Neste programa, Manuel Cardoso acusara um inspector da IGE de ter declarado aos professores, durante uma acção que desenvolveu nesta escola, que «a nota mínima é o 3» [com referência à escala de zero a 5].
A acusação motivou várias reacções, que convergem todas para a falsidade de tal afirmação.
Assim,
o inspector em causa assegura, em carta enviada ao inspector-geral da Educação, José Maria Azevedo, que «não disse, nem poderia ter dito, que ‘todos os alunos deveriam ter nível 3, no mínimo’ »;
por sua vez, a presidente do Conselho Executivo daquele estabelecimento de ensino, Iolanda Sobral Torres, assegura que «não é verdadeira» a afirmação segundo a qual «um inspector tinha pressionado a escola, no sentido de que ‘todos os alunos deveriam ter nível 3, no mínimo’».
Aliás, Iolanda Torres aproveita a ocasião para «realçar o rigor, a competência e o profissionalismo» do inspector durante a acção que desenvolveu na EB de Ribeirão.
O próprio autor da afirmação, Manuel Cardoso, sustenta, no seu texto, que não foi sua intenção «ofender o rigor, a competência e o profissionalismo do Sr.

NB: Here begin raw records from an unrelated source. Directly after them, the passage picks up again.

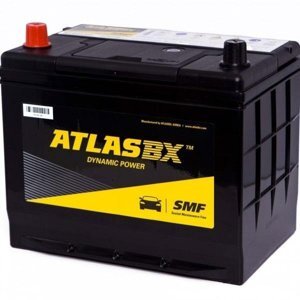 Ắc quy Atlas MF75D23R 65Ah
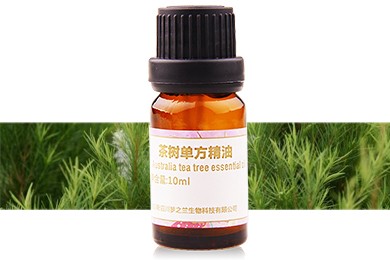 雪莱昵茶树精油10ml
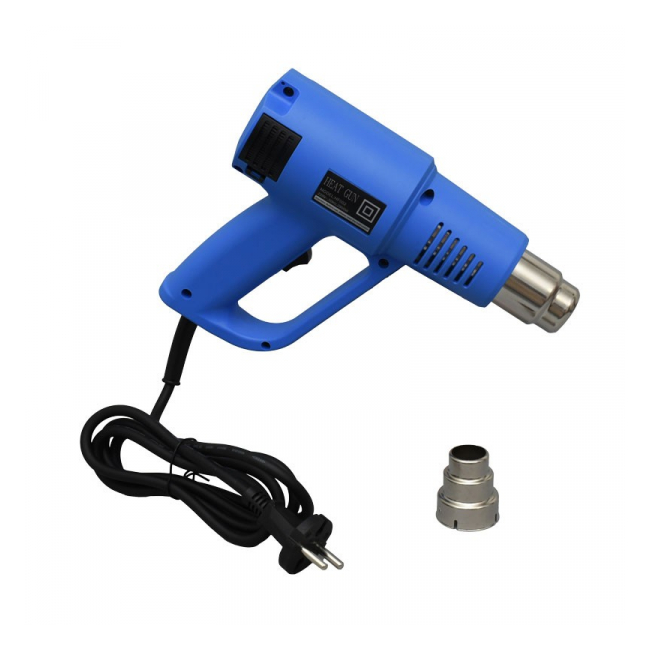 Pistol de Aer Cald 2000W cu Temperatura Reglabila HF002 4B009 XXM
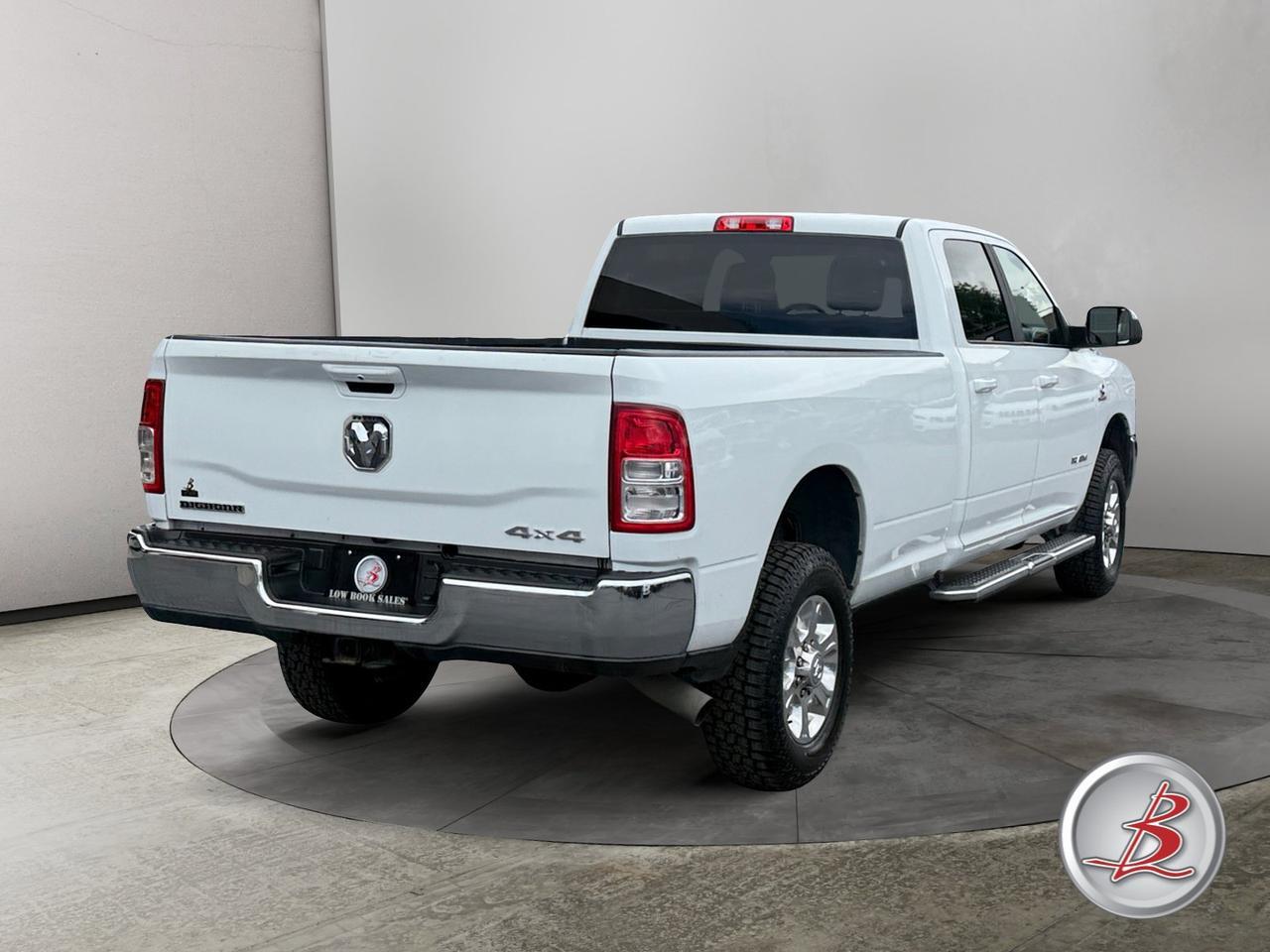 2021 Ram 2500 Big Horn Salt Lake City UT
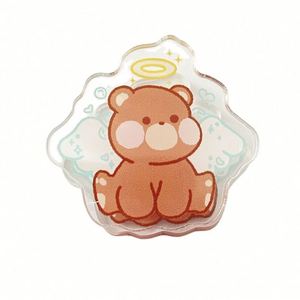Nouveauté : Clip à Papier en Acrylique de Haute Qualité, Design Anime Personnalisé, Clip Dentaire, Cadeau - Product Image 5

Inspector, pelo que lhe apresento o meu arrependimento, assim como a todos que se tenham sentido lesados».
Da mesma forma, prossegue, «aproveito a oportunidade para expressar as minhas desculpas pela forma como me dirigi à Exma. Sr.ª Ministra da Educação»(…).
Por fim, o Ministério da Educação reafirma que jamais existiram ou poderiam existir orientações que condicionassem os professores na atribuição de notas aos alunos.